Elle est signée en dessous d’un cachet « Sté des onyx ; H. Journet & Cie ; 24 Bd Italiens ; 3167 » qui indique l’origine de l’onyx, sa monture en bronze doré et le numéro de modèle.
Biographie :
La Compagnie des Marbres Onyx d’Algérie, dirigée par Gustave Viot (1828 – 1897), et créée par Alphonse Pallu (1808-1880) le 14 juin 1858. Cette compagnie se réfère à l’exploitation de l’onyx, connu depuis l’Antiquité et redécouvert en 1849 dans la province d’Oran en Algérie par Del Monte, un marbrier. Elle ...
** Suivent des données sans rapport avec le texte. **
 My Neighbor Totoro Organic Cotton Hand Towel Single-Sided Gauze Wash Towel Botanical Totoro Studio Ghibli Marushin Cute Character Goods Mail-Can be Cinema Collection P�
... ouvrit en 1863 un magasin au n°24 du Boulevard des Italiens à Paris. Au milieu des années 1860, le nom de la compagnie changea pour « G. Viot & Cie » and produisit à partir de modèles de sculpteurs renommés, tels Eugène Cornu, Albert Carrier-Belleuse (1824-1887) (Victoria & Albert Museum, Inv. 9070-1863), Charles Cordier (1827-1905)(Orsay, Inv. RF 2996) ou Louis-Ernest Barrias (1841-1905) (Orsay, Inv. RF 1409) des œuvres décoratives de grand luxe ayant pour particularité d’associer l’onyx au bronze, et parfois l’émail. Ils présentèrent ainsi sur leur stand à l’Exposition Universelle de Paris en 1867, une impressionnante paire de vases en onyx, bronze et émail avec leurs sellettes à figures d’éléphants (signée « G. Viot et Cie, Exposition de 1867, Eugène Cornu Inventeur » ; Catalogue Officiel de l’Exposition, groupe III, classe XIV, « meubles de luxe », n°65) qui admirée du jury, leur rapporta une médaille d’or (Rapports du Jury International, Exposition Universelle de 1867 à Paris, 1868, t. III, groupe III, classe XV, chapitre II, § 2, p°45 & 46). En janvier 1879, Henri Journet devient gérant de la compagnie, toujours située au 24 Boulevard des Italiens, qu’il renomme Henri Journet et Cie. Il participera à l’exposition de 1884 au Palais de l’industrie où sa production sera une nouvelle fois acclamée. Début 1886, la compagnie fermera ses portes.